1.4 Significance of the Study
This study would develop the attitude and classroom preparation of basic science student teacher in preparation for efficacy, efficiency and professionalism in teaching in science with reference to; Content knowledge; that is, ability to provide solutions to provide solutions, to reason scientifically thereby providing answers to question from the students.
Pedagogical knowledge; that is, collecting data systematically, analyzing the data, interpreting data and synthesizing analyzed data through practical means and theoretical understanding.
Working habits; that is, as a science teacher, there should be clarity, structured experimentation of facts and nature-like instructional material that would help the students understand the basis of science. Fostering best practices; that is, development of good communicative skills, positive attitudes during teaching, the methods adopted in teaching and ability to render a good learning content in the classroom.  

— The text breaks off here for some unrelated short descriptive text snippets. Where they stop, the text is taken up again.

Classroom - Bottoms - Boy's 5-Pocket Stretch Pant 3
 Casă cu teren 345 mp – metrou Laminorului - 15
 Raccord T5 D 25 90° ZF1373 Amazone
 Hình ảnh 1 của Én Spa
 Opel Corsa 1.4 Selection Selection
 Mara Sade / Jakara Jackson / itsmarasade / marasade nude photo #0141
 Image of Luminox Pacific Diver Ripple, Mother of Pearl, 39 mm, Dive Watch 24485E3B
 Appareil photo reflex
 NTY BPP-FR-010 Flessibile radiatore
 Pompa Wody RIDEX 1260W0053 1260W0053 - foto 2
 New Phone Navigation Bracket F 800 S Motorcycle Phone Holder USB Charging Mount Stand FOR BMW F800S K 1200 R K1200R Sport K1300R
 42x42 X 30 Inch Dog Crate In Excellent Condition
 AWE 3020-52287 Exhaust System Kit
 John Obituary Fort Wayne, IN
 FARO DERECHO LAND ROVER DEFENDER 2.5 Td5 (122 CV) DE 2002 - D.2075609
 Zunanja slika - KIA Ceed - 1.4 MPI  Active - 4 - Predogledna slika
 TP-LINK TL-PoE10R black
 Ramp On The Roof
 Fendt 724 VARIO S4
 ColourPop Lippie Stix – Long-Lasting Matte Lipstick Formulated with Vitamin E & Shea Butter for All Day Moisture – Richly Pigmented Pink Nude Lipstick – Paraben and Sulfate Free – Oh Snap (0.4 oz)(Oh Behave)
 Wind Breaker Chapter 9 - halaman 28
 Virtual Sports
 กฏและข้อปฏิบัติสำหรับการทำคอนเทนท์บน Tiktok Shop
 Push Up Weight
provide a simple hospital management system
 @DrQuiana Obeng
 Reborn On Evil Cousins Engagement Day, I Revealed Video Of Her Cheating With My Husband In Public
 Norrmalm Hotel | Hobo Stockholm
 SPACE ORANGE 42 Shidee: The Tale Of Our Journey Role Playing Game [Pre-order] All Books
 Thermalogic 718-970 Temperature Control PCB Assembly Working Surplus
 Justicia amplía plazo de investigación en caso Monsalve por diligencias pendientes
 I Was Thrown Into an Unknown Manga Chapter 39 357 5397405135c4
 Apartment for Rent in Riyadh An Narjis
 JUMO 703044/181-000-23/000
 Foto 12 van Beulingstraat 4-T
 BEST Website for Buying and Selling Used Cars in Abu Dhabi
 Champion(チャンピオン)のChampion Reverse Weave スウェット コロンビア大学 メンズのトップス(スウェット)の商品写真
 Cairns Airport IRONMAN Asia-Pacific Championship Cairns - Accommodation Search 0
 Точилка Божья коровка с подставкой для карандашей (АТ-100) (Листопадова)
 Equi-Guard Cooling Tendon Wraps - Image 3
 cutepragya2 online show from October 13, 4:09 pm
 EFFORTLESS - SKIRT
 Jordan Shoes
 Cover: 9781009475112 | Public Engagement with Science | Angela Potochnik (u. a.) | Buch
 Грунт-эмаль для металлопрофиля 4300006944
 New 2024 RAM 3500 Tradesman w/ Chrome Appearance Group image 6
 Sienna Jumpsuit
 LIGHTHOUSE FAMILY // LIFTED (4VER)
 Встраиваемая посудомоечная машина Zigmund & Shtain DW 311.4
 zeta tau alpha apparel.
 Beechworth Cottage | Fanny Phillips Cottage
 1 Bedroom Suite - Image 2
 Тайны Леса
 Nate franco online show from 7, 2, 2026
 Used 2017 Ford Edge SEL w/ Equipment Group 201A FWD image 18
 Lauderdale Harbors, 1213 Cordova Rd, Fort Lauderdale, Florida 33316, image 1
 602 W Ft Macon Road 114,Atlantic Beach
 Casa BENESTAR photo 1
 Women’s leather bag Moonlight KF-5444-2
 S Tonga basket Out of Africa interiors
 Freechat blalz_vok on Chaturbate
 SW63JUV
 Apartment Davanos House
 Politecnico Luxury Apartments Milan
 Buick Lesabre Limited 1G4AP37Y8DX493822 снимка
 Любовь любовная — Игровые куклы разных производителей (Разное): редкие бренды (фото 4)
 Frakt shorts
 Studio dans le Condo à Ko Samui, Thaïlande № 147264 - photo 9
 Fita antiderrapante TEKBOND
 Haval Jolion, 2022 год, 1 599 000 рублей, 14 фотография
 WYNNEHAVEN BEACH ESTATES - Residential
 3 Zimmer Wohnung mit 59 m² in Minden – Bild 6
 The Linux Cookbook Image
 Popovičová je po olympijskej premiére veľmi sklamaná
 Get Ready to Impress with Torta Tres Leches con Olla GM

The study will determine positive attitude and thoughts in basic science students thereby choosing a career in teaching and to reveal the essentiality of teaching practices as a means of acquiring the basic techniques on which future knowledge can be built upon. The study will alert and put in check the social relationship that exit between the cooperating teacher and the student teacher during teaching practice. Also, to investigate cooperating teacher point of view about teaching practice.

1.5 Research Questions
The following research questions were raised to guide the study and to screen if teaching practice has an effect on the cooperating teacher, basic science students and the student:

1. What is the effect of teaching practice on the student teacher in terms of classroom preparation and attitude to teaching?
2. What will be the impact of teaching practice on the cooperating teacher in terms of social relationship and knowledge formation?
3. What is the impact of teaching practice on the students in respect to interest, attitude and content knowledge of basic science?

1.6 Research Hypothesis
The following Null hypotheses were tested on a level of 0.05% to define the study;
H01: There will be no significant effect of teaching practice on the
basic science student teacher in terms of classroom preparation and attitude to teaching.
H02: There will be no significant effect of teaching practice on the cooperating in terms of social relationship and knowledge
formation.
H03: There will be no significant effect of teaching practice on the students in respect to interest, attitude and content knowledge of basic science.

1.7 Scope of the Study
This study is restheted to the Junior Secondary School students at Ijero Junior High School located at Educational District 3 Ebute-metta Local Government Area and Morocco Comprehensive School located at Educational District 2 Shomolu Local Government Area of Lagos State. Also the study will be limited to the basic science student teacher at the University of Lagos, Faculty of Education focusing on the concept of congestion and principal conservation of the study.

1.8 Definitions of Terms
Teaching Practice: This refers to a periodic evaluation of
student teacher. It involves a systematic gathering and analysis of information on the basis of which decisions are taken regarding the effectiveness and efficiency teacher.
Pedagogy: This is an art and science of organizing, preparing and teaching in a classroom. It is an approach to teaching and learning to impacting of knowledge or content of the subject areas.
Basic Science: This is a fundamental science or a science that describes the most basic objects, forces, relations between forces and matter.
Cooperating Teacher: A cooperating teacher is a facilitator and a guide to a student teacher during a principal apprenticeship practice called teaching practice.